Your goal
Without the pictures, write out all the lines below exactly as they appear.
(Beginning of Supplied material)
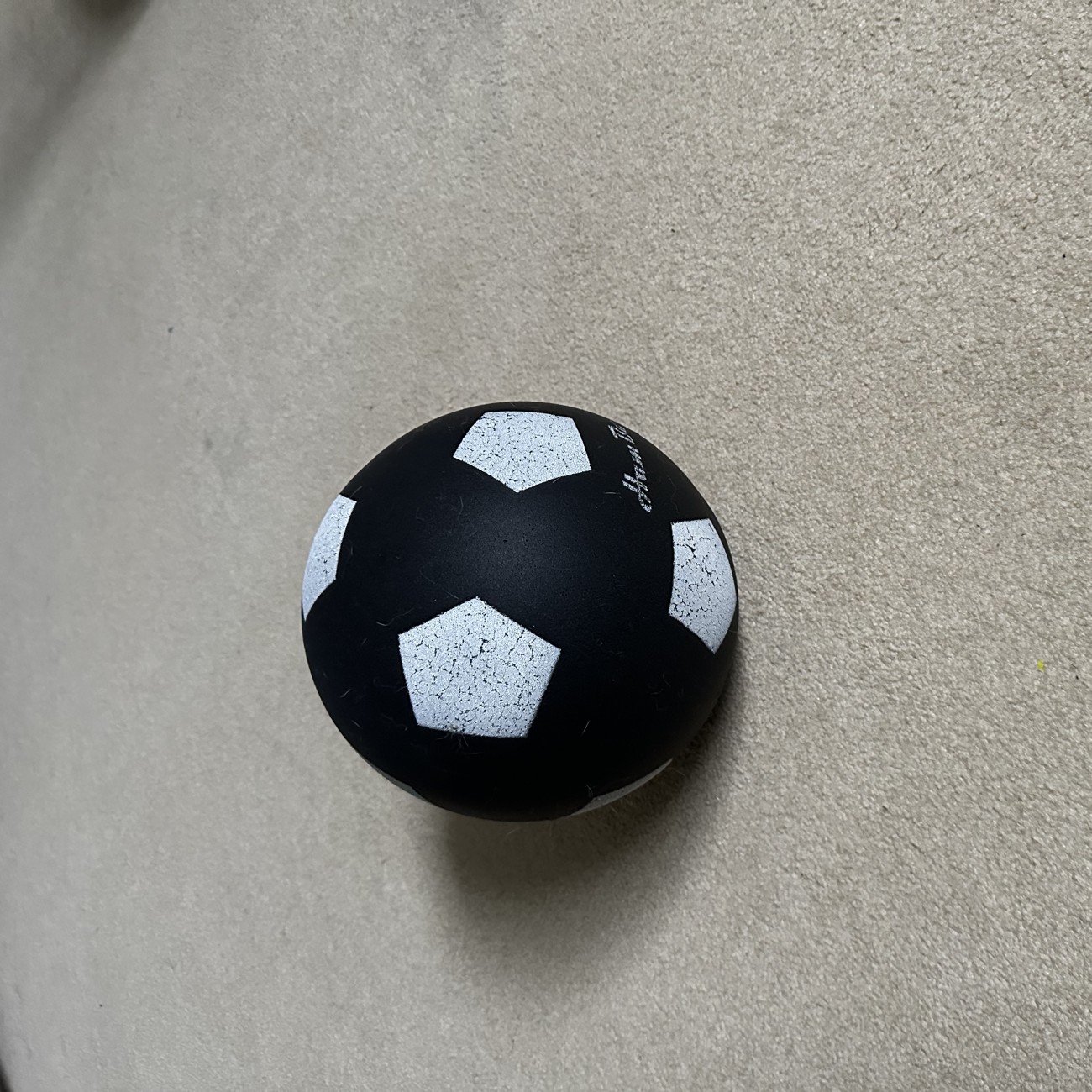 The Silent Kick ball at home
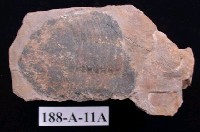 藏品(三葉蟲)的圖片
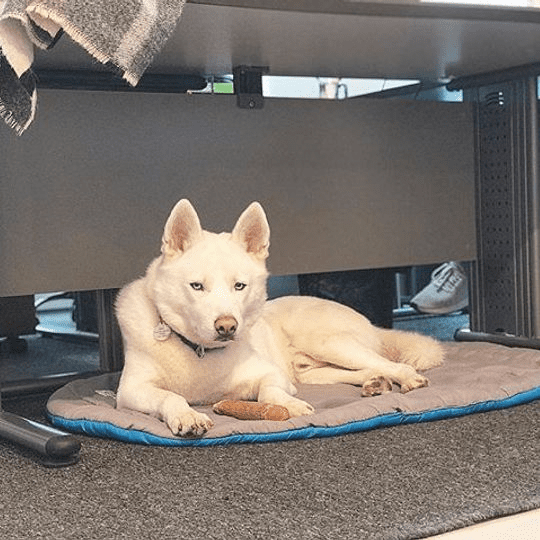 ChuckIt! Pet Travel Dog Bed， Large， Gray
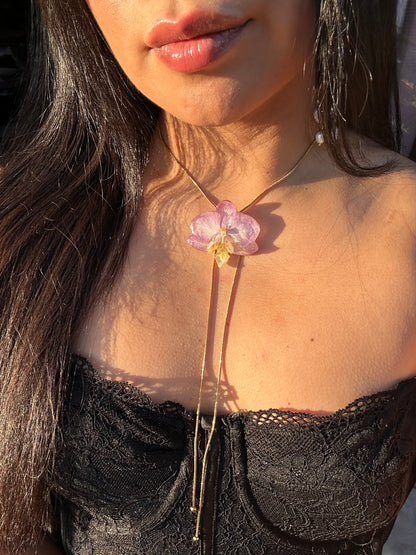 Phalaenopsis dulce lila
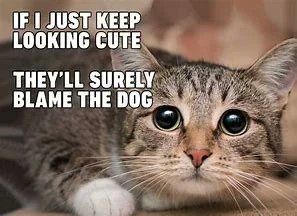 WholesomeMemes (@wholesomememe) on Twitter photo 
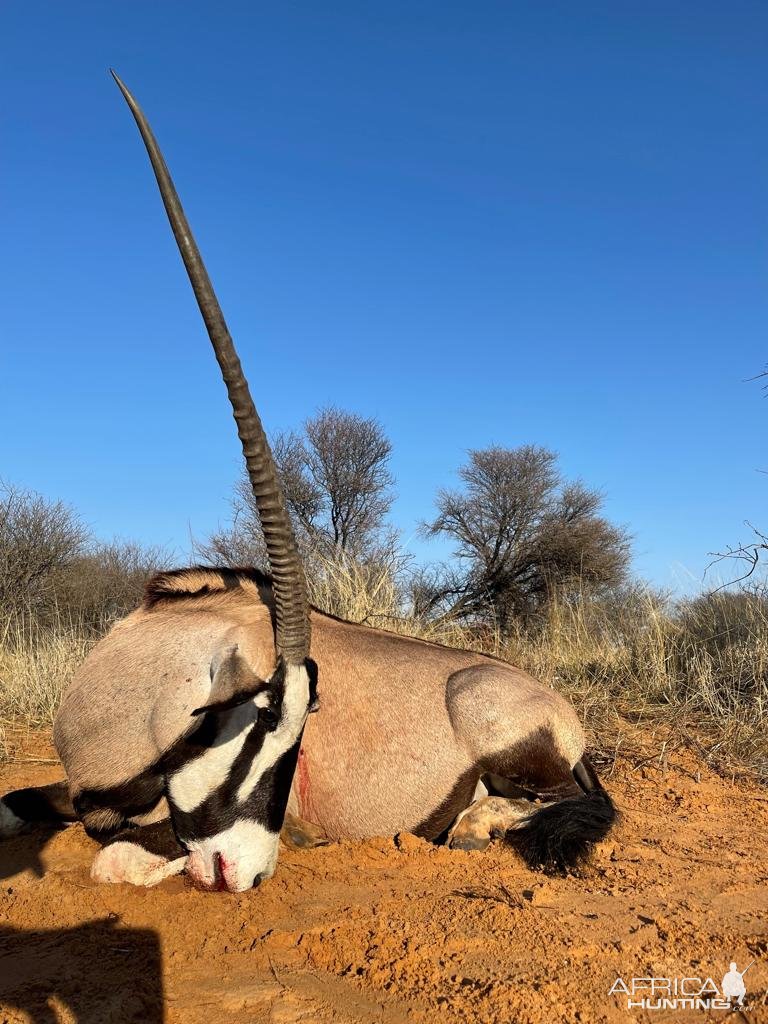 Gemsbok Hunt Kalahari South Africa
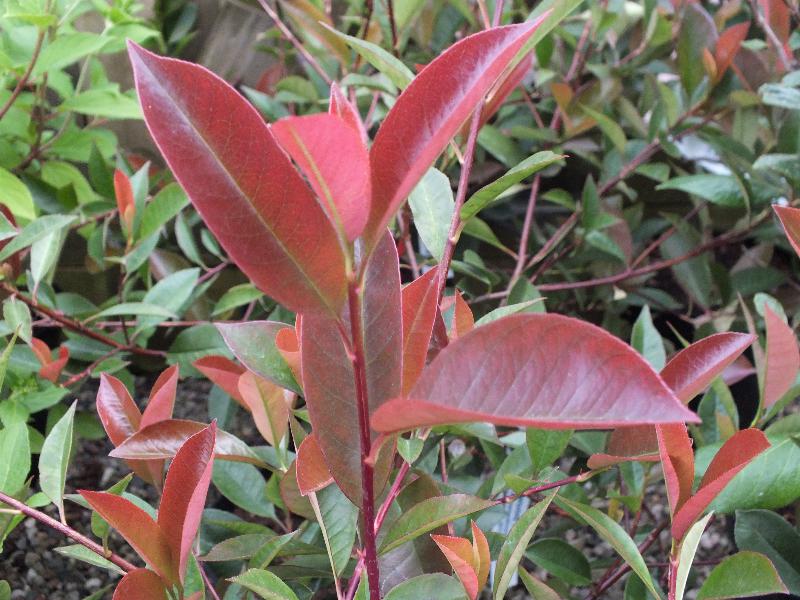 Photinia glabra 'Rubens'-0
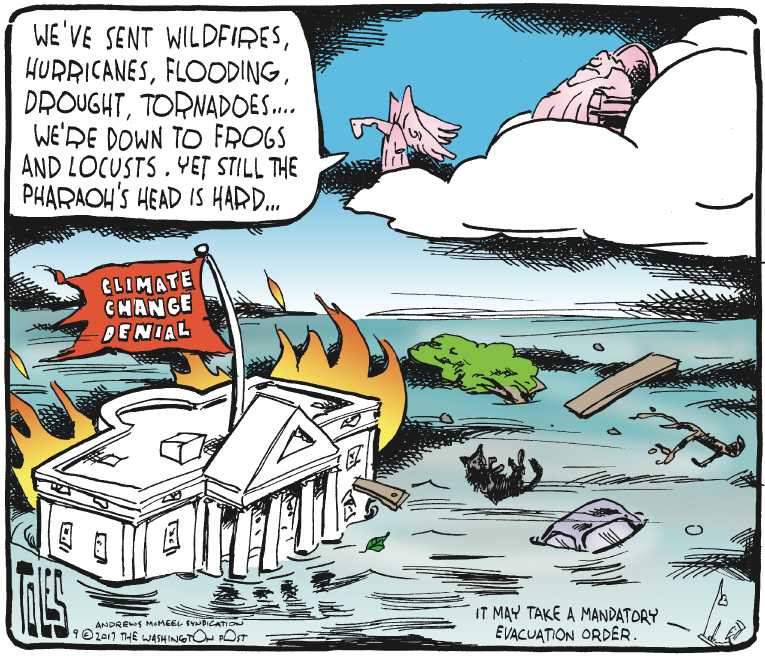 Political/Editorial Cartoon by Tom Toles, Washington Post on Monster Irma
(End of Supplied material)
Output for this exercise
 The Silent Kick ball at home
 藏品(三葉蟲)的圖片
 ChuckIt! Pet Travel Dog Bed， Large， Gray
 Phalaenopsis dulce lila
 WholesomeMemes (@wholesomememe) on Twitter photo 
 Gemsbok Hunt Kalahari South Africa
 Photinia glabra 'Rubens'-0
 Political/Editorial Cartoon by Tom Toles, Washington Post on Monster Irma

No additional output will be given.